TASK STATEMENT ▸ In the records below, find the line containing "Elegant massage bed" and repeat it and every line after it exactly, without pictures.

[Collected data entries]
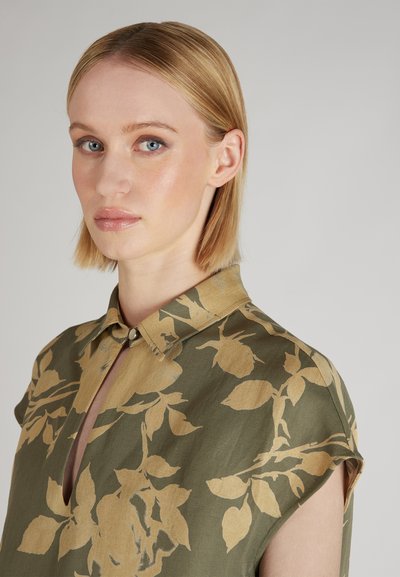 Blusa verde con motivo floreale beige, dotata di colletto, maniche corte e dettaglio a forma di dente di chiusura. Tessuto dal tocco morbido.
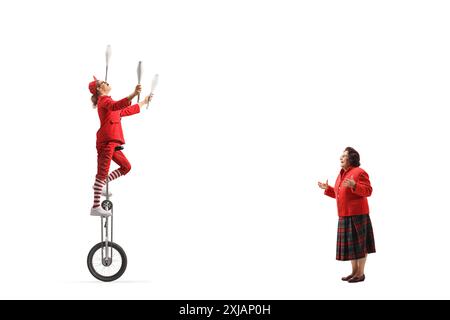 Amused elderly woman watching an acrobat riding a giraffe unicycle and juggling isolated on white background Stock Photo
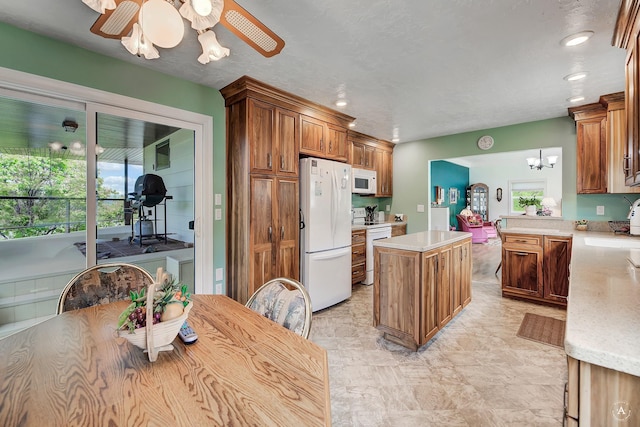 1502 Hauser Blvd, Helena, MT 59601 - kitchen with white appliances, healthy amount of natural light, a kitchen island, light countertops, and recessed lighting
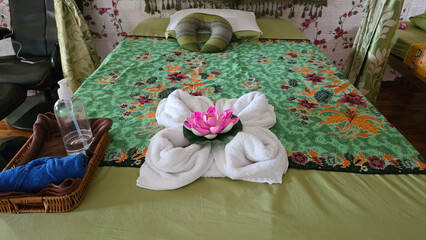 Elegant massage bed setup featuring folded towel art with a pink lotus flower, oils, and fabric on...
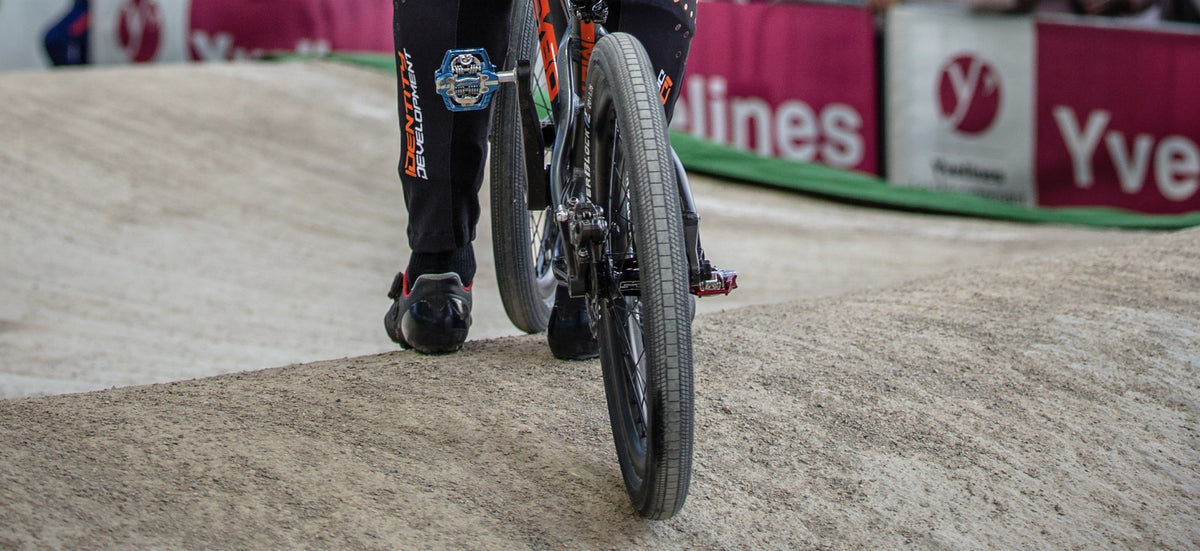 Close-up of a rider's foot on a BMX bike with a Tioga Powerblock 20 inch BMX wired tyre on a dirt track.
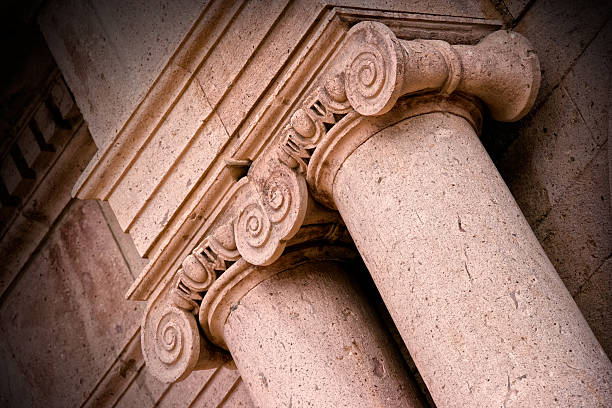 istock Close up architectural column detail from stone building exterior 2197199948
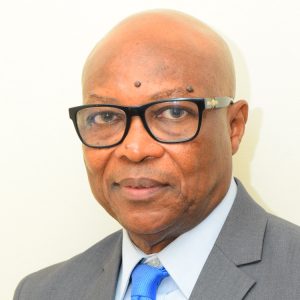 A bald man wearing glasses, a gray suit, a blue shirt, and a blue tie stands against a plain, light-colored background. He is looking directly at the camera with a neutral expression.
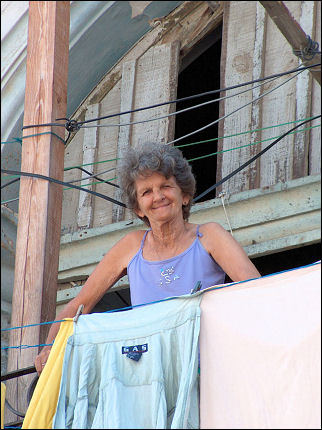 Cuba - Havana, woman on balcony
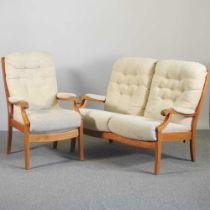 A Cintique cream upholstered two seater sofa, together with a matching armchair (2) 115w x 85d x 88h
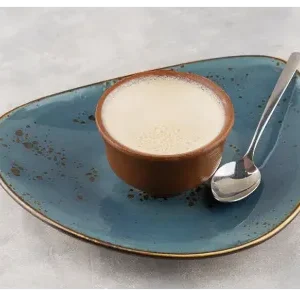 Traditional Mishti Doi served in an earthen pot on a blue ceramic plate with a spoon beside it on a grey textured surface.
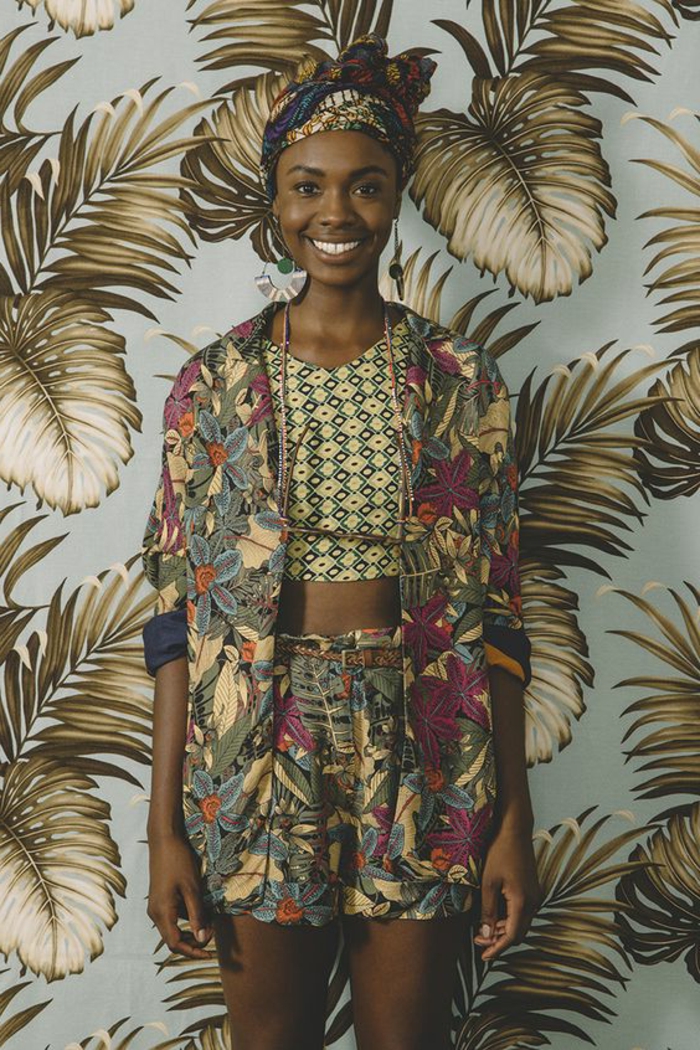 floral wallpaper, woman smiling, wearing a blazer, shorts and crop top, african print dresses, patterned headscarf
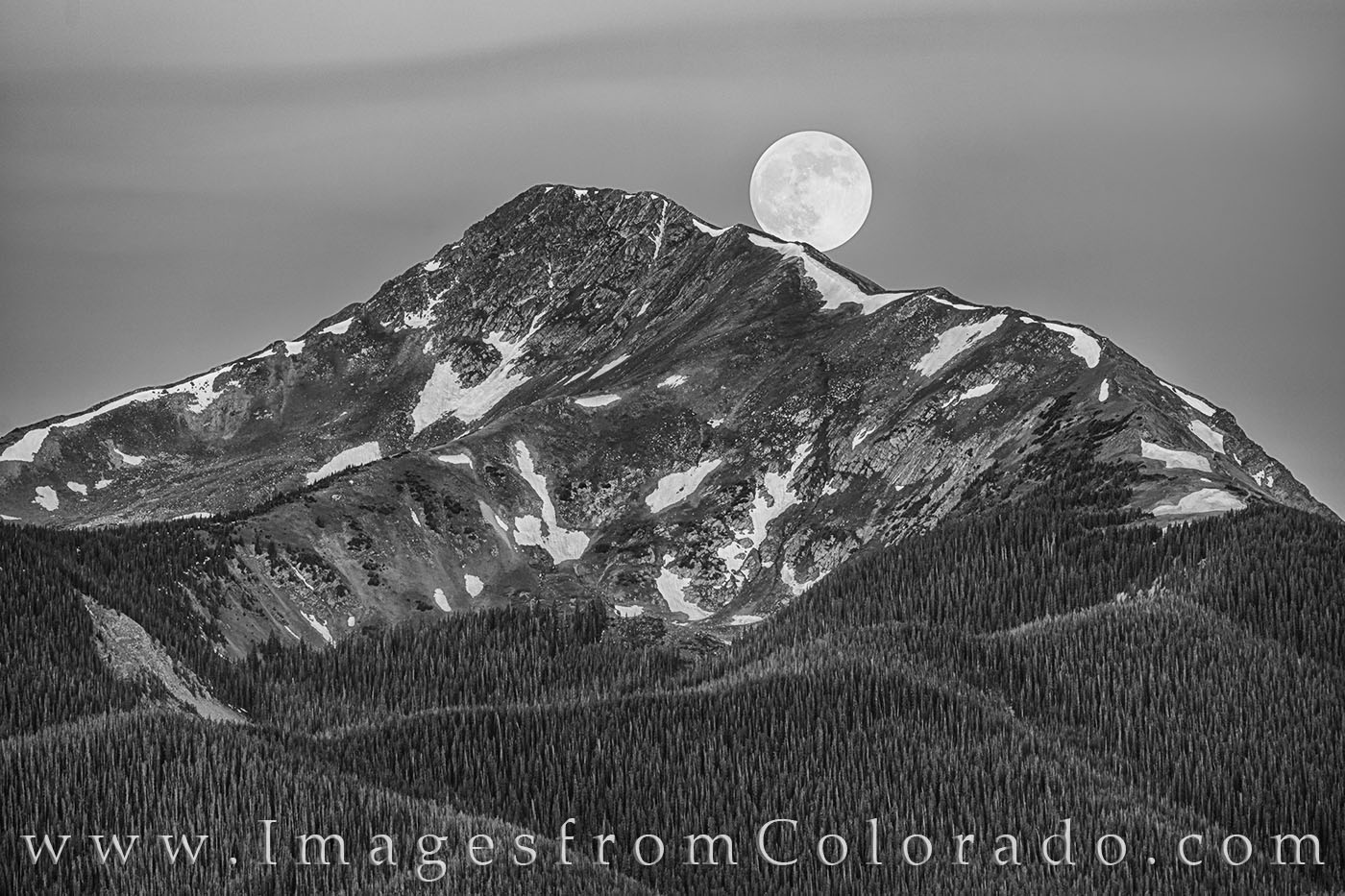 The full moon sets behind Byers Peak in Fraser, Colorado. This black and white photograph shows the iconic landmark of the Fraser...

TASK SOLUTION ▸
 Elegant massage bed setup featuring folded towel art with a pink lotus flower, oils, and fabric on...
 Close-up of a rider's foot on a BMX bike with a Tioga Powerblock 20 inch BMX wired tyre on a dirt track.
 istock Close up architectural column detail from stone building exterior 2197199948
 A bald man wearing glasses, a gray suit, a blue shirt, and a blue tie stands against a plain, light-colored background. He is looking directly at the camera with a neutral expression.
 Cuba - Havana, woman on balcony
 A Cintique cream upholstered two seater sofa, together with a matching armchair (2) 115w x 85d x 88h
 Traditional Mishti Doi served in an earthen pot on a blue ceramic plate with a spoon beside it on a grey textured surface.
 floral wallpaper, woman smiling, wearing a blazer, shorts and crop top, african print dresses, patterned headscarf
 The full moon sets behind Byers Peak in Fraser, Colorado. This black and white photograph shows the iconic landmark of the Fraser...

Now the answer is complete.